3. Mark Steven Johnson Exists

After a couple of crowd pleasing comedies involving men who are both grumpy and old in the early 1990s, director Mark Steven Johnson used his new found bargaining power to get himself the job of directing superhero flicks. Twice he took on two of the easiest titles to adapt, two of the most badass characters, two titles which could give the subgenre a bit if edge. I’m talking about Daredevil and Ghostrider. Yet, someone, he managed to turn both of these films into big piles of poo. They both feature hammy acting, stodgy CGI, stupid character and stupider scripts. Both were heavily promoted to have large-ish openings that took a dive straight into the bargain bin. What do you expect from a trailer featuring lines like “I feel like my head’s on fire” from a movie about a guy who’s head is on fire.

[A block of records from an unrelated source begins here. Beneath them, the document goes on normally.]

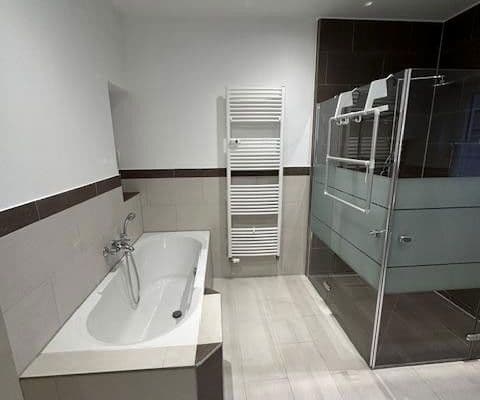 Pronájem bytu 2+1 70 m², Forsthofstr. 1, Nürnberg Pronájem bytu 2+1 70 m², Forsthofstr. 1, Nürnberg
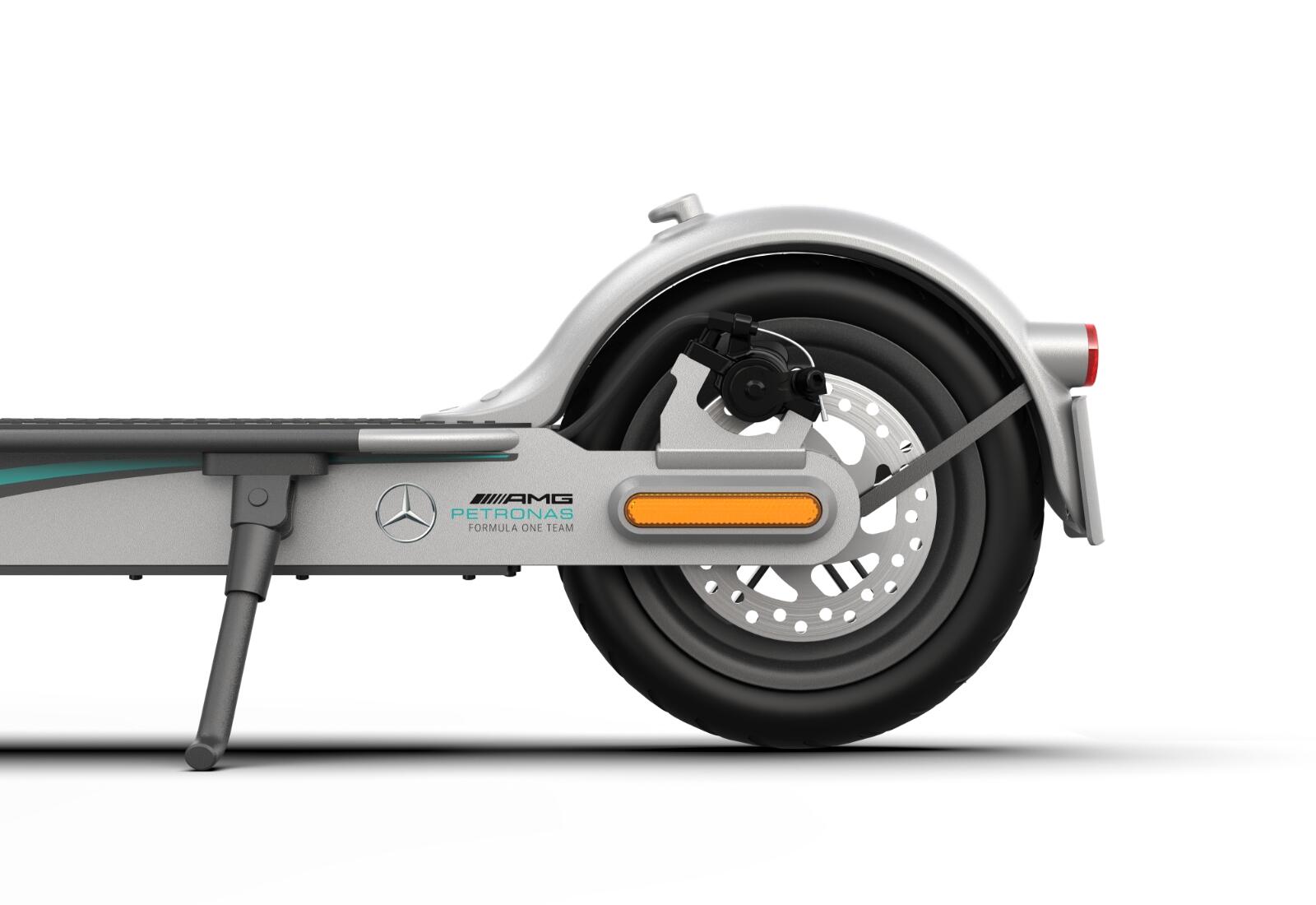 Xiaomi Mi Electric Scooter Pro 2 kommt als AMG-Version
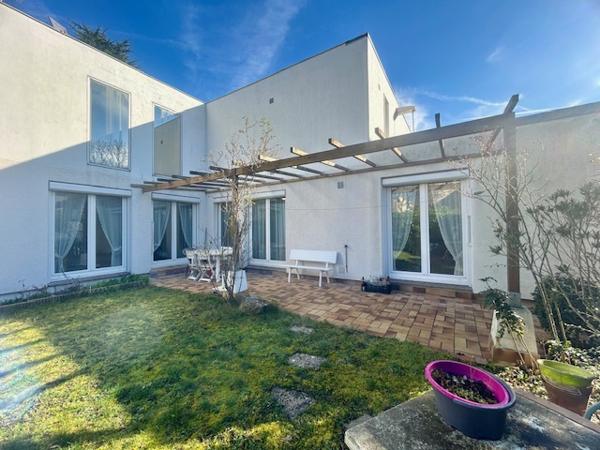 Saint-Michel-sur-Orge - Maison Familiale de type F6 - Résidence Villagexpo - 134 M2 HAB - 4 CHAMBRES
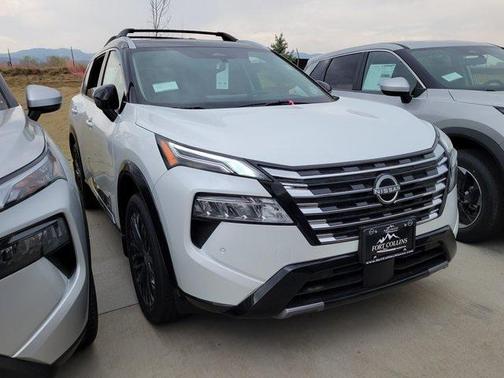 2025 Nissan Rogue Platinum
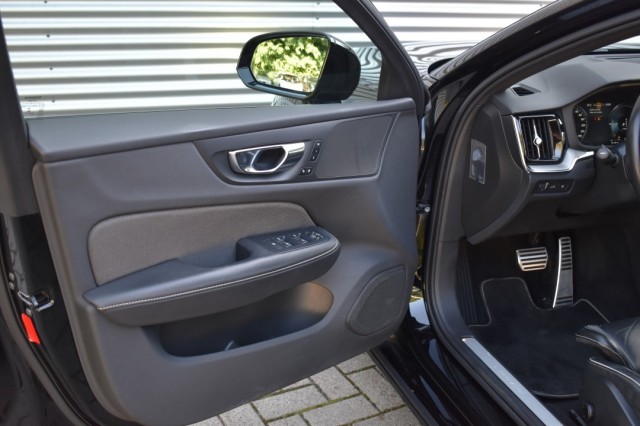 VOLVO V60 2.0 T6 AWD RECHARGE. R-DESIGN / STOEL+STW VERW. / EL. TREKHAAK, Grouwstra Auto`s, Deventer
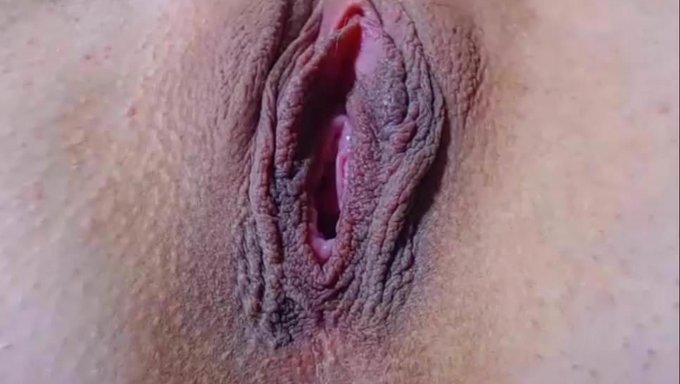 Erlebe Die Kunst Der Klitoralen Stimulation Mit Einem Live-Cam-Model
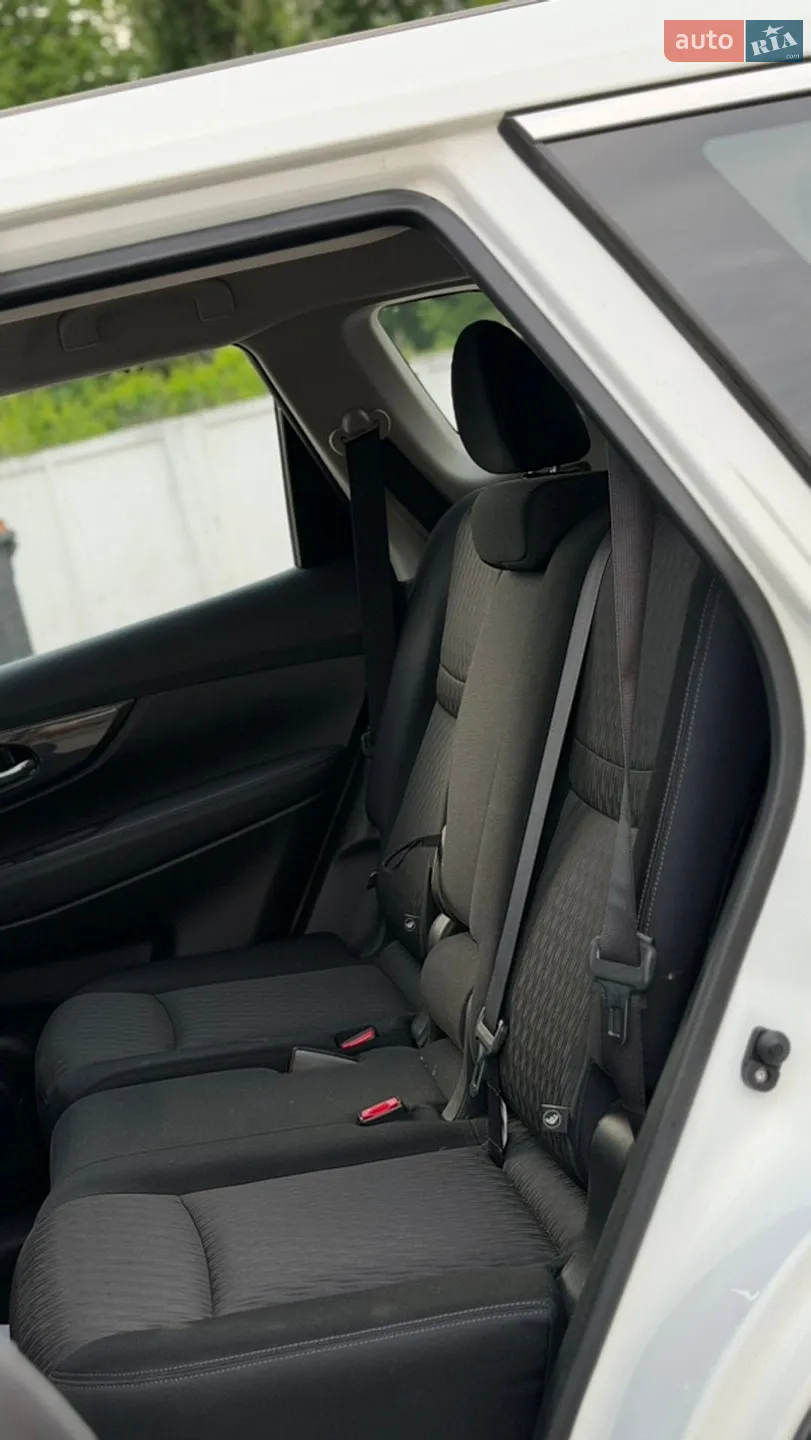 2016 Nissan Rogue - мініатюра 26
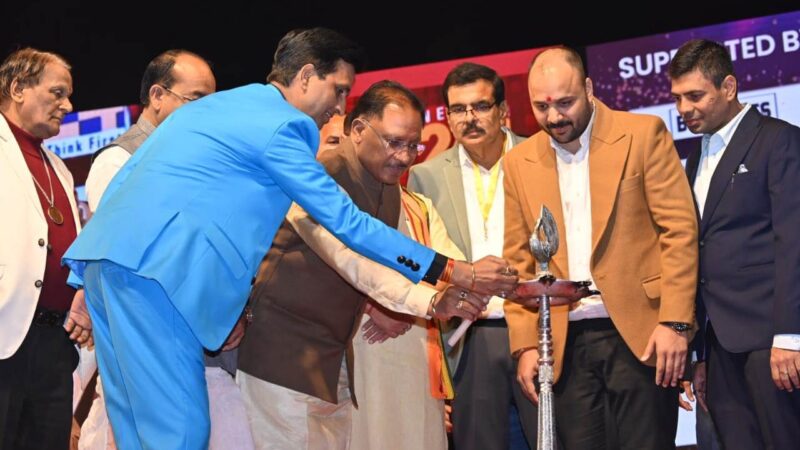 मशहूर कवि कुमार विश्वास, पद्मश्री डॉ. सुरेंद्र दुबे सहित मंचस्थ सभी कवियों ने दर्शकों को बांधे रखा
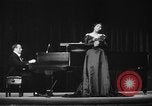 Immagine di Marian Anderson United States USA, 1951, secondo 45 filmato di repertorio 65675050271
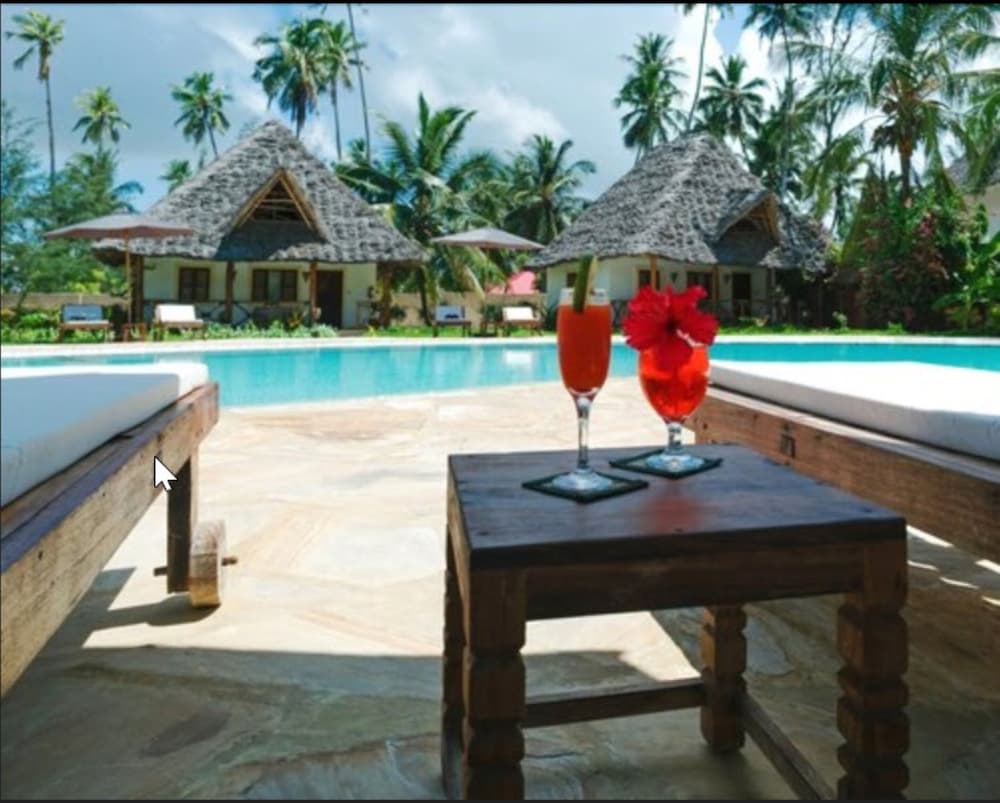 

Verona - Kiwengwa - Pongwe Bay Resort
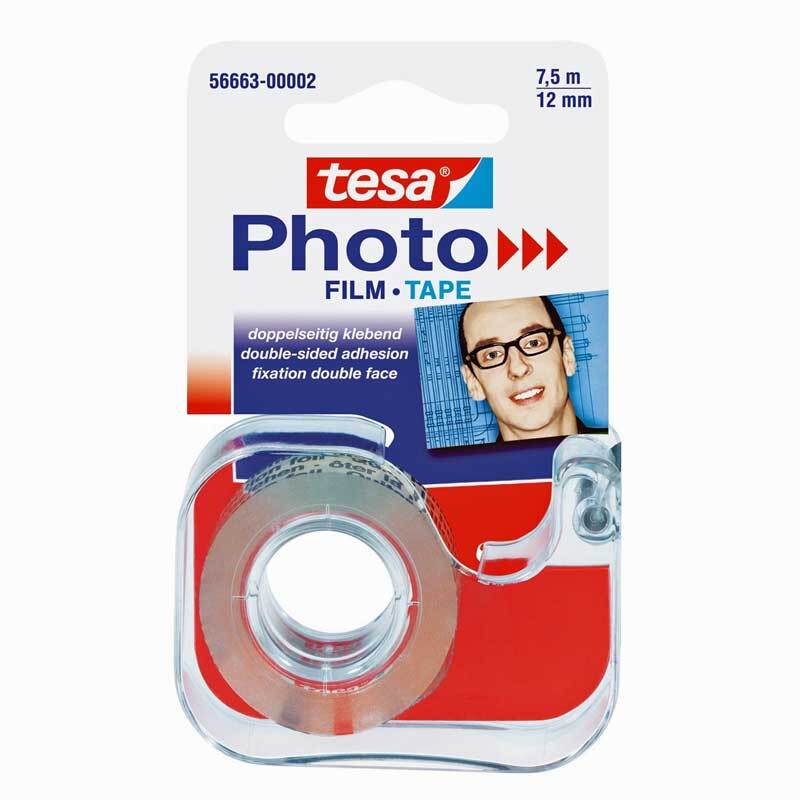 Photo Film mit Abroller 12mm 7,5m von tesa, transparent, auf rotem Hintergrund mit Abroller.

2. The Man of Steel Buckles

When a practically unknown superhero such as Steel produces a dud of a film no-one cares. When a truly iconic hero such as Superman delivers a clunker it’s a bit more disappointing. Superman nailed it (except for that ‘turning time backwards’ nonsense), bringing the Man of Steel to life on the big screen in a way we couldn’t have imagined. The sequel did pretty well, especially the recent re-edit. Then the third film tried to take the comedic route which is both baffling and stupid with Richard Pryor getting almost as much screen time. But this had nothing on how terrible Nuclear Man was in the fourth film. Even if you couldn’t see all the wires holding people in the air a yellow spandex clad mullet wearing scratching at Superman with his stuck-on nails would ruin the film. Superman Returns almost brought it back from the pit but the focus on family drama dulled things.

Did they forget who the movie was supposed to be about?

1. ‘Batman and Robin’. Just…’Batman and Robin’

Oh, you bastards. Ruin all the superhero movies you want. Ruin Superman if you want. But you do NOT pull this shit with Batman. Sure he’s been campy in the past, but that was the past. A time when America was being shocked by the images of war on their televisions for the first time they wanted escapism for their entertainment. That’s why the Adam West ‘Batman’ series was the way it was. Schumacher’s Batman and Robin has no excuse. George Clooney has no excuse. Uma Thurman has no excuse. Alicia Silverstone and Chris O’Donnell…well, they’re not going to do any better.

This movie is bad on every level. It’s campy, ridiculous, terribly acted, cheaply made, nonsensical, cringe-worthy and more mean words I’m not going to bother writing. There isn’t any one redeemable quality to the film and even if you could find one it would be cancelled out by the Bat-Credit Card scene.